**Excerpted records:**
☆ ☆ ☆ ☆

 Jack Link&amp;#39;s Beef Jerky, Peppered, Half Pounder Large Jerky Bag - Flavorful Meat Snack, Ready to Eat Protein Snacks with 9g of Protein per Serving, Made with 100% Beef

☆ ☆ ☆ ☆

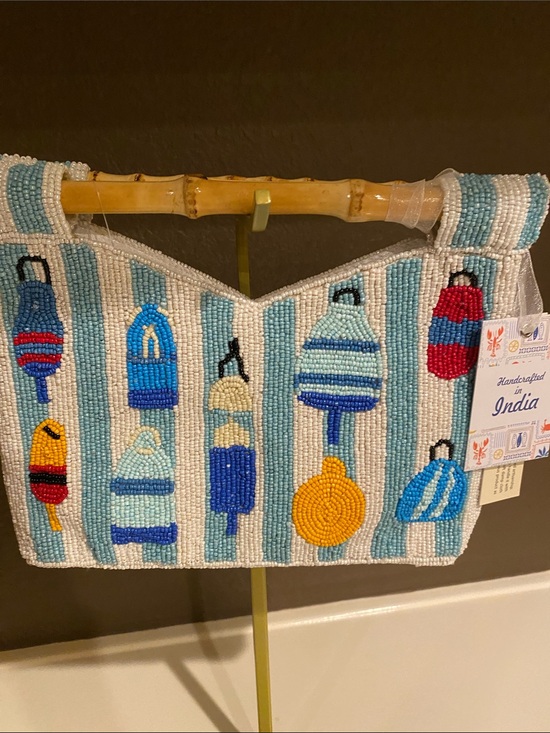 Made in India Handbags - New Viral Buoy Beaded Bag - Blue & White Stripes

☆ ☆ ☆ ☆

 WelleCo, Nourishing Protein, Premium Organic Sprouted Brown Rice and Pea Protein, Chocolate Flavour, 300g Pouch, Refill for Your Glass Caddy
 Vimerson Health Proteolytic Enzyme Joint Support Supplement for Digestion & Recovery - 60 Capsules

☆ ☆ ☆ ☆

**Instructions for the task:** Would you please copy, word for word, everything above from the line containing "WelleCo, Nourishing Protein, Premium" down to the line containing "Vimerson Health Proteolytic", those two lines included?

**Problem solution:**
 WelleCo, Nourishing Protein, Premium Organic Sprouted Brown Rice and Pea Protein, Chocolate Flavour, 300g Pouch, Refill for Your Glass Caddy
 Vimerson Health Proteolytic Enzyme Joint Support Supplement for Digestion & Recovery - 60 Capsules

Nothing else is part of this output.